Di certo, il fatto che su questi prodotti non si faccia molta informazione è strumentale alla scarsa chiarezza
sull'uso del termine "etico". Alla realizzazione di prodotti rigorosamente etici sta invece lavorando Banca
Etica, che ha promosso una società di gestione, Etica Sgr, insieme con la Banca popolare di Milano, con
l'obiettivo di lanciare i primi tre fondi entro la fine del 2001.

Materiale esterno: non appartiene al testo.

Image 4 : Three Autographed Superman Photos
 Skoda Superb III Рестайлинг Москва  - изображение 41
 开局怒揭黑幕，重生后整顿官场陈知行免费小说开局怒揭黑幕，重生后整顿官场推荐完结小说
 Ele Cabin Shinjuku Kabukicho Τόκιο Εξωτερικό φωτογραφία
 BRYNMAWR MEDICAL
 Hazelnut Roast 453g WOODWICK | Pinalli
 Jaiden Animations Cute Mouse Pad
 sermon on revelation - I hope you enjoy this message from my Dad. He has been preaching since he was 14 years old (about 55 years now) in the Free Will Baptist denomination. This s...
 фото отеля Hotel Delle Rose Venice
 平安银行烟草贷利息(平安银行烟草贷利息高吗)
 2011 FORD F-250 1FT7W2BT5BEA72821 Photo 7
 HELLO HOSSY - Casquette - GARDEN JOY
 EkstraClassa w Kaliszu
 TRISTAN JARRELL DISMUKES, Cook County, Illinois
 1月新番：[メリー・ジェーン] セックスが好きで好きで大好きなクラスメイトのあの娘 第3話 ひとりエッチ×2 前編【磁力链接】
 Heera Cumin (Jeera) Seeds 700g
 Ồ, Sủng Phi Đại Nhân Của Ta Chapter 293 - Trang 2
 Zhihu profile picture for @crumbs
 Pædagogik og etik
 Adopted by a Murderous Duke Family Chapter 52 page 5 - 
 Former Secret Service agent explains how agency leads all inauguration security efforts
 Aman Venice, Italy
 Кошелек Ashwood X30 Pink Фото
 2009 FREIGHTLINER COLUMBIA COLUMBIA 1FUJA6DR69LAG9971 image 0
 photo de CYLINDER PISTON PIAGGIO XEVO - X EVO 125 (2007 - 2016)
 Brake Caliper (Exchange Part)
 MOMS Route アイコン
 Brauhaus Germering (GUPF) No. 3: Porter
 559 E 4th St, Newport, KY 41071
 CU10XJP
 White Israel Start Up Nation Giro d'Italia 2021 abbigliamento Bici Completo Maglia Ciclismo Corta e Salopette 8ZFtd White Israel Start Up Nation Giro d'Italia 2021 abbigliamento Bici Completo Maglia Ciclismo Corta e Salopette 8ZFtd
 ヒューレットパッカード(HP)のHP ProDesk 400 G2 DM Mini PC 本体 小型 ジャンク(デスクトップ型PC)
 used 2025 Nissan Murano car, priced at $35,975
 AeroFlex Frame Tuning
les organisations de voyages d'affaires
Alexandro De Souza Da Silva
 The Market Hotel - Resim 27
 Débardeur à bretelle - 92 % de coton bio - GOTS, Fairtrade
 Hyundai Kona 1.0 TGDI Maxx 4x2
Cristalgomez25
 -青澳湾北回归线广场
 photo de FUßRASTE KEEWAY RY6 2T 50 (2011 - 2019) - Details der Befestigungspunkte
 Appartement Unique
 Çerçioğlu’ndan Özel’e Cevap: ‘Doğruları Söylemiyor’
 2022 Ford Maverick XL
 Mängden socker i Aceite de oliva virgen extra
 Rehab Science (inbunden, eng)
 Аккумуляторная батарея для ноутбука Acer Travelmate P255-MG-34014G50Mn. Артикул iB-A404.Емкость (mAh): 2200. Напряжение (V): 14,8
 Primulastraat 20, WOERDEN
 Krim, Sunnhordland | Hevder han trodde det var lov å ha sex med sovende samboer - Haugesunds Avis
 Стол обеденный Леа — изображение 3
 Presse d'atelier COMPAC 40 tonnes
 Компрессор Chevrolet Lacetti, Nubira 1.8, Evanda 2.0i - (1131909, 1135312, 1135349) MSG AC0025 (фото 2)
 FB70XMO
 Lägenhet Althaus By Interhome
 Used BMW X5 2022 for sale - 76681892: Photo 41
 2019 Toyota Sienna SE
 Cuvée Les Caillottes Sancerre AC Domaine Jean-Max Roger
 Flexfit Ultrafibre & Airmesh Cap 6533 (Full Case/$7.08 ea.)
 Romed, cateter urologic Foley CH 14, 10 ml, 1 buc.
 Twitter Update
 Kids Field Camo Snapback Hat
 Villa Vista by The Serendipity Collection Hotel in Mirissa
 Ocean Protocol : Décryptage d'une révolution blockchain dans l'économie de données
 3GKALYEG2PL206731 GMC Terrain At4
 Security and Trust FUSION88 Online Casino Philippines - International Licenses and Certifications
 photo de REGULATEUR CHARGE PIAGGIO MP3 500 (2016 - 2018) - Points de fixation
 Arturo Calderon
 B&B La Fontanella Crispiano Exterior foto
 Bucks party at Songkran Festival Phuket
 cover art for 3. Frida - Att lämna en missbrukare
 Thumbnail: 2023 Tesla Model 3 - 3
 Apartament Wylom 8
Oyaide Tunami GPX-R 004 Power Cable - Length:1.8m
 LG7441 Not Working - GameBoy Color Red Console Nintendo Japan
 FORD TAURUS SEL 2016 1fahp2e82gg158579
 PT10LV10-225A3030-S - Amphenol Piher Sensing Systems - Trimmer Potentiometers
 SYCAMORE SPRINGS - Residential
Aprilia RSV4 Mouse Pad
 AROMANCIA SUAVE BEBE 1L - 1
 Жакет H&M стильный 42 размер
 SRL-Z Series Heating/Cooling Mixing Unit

«L'evoluzione dei fondi etici è passata per diverse fasi», spiega Salviato: «la prima generazione è stata
quella dei fondi che selezionavano i titoli utilizzando soltanto criteri negativi, escludendo, per esempio, le
società che producono armamenti, alcolici, eccetera. l fondi di seconda generazione hanno iniziato ad
adottare anche criteri positivi, volti a individuare e includere, cioè, aziende con comportamenti virtuosi. La
terza generazione si è concentrata sulle categorie di prodotti, selezionando i titoli all'interno dei diversi settori
produttivi, in funzione del profilo etico di ogni singola azienda. La quarta generazione, in cui vorremmo far
rientrare i nostri fondi, prevede l'istituzione di un comitato tecnico-scientifico che analizzi in profondità ogni
azienda potenzialmente oggetto di investimento da parte del fondo». La strada tracciata conduce alla
creazione di strumenti di analisi e valutazione etica delle società quotate. Anche in questo settore stanno
nascendo nuove iniziative, come gli indici azionari composti secondo criteri etici, quale l'Ethical index euro,
realizzato dalla società di analisi E. Capital Partners, e il Ftse4Good, in corso di costituzione da parte di una
delle maggiori società specializzate nel mondo (Ftse è partecipata dal Financial Times e dalla Borsa di
Londra).
«Ben venga la contaminazione dei settori tradizionali», dice Gallicani, «che tra l'altro contribuisce a far
affluire risorse e attenzione sulla finanza etica. Ma questo fa aumentare a maggior ragione le esigenze di
chiarezza e trasparenza sulle caratteristiche dei prodotti di investimento e sul profilo etico di chi li propone».
La questione ritorna: il sistema finanziario etico ha dimostrato di avere idee ed energie per crescere, ma per
sviluppare le proprie potenzialità deve essere riconosciuto, a livello istituzionale, fiscale, normativo, come un
attore economico a tutti gli effetti.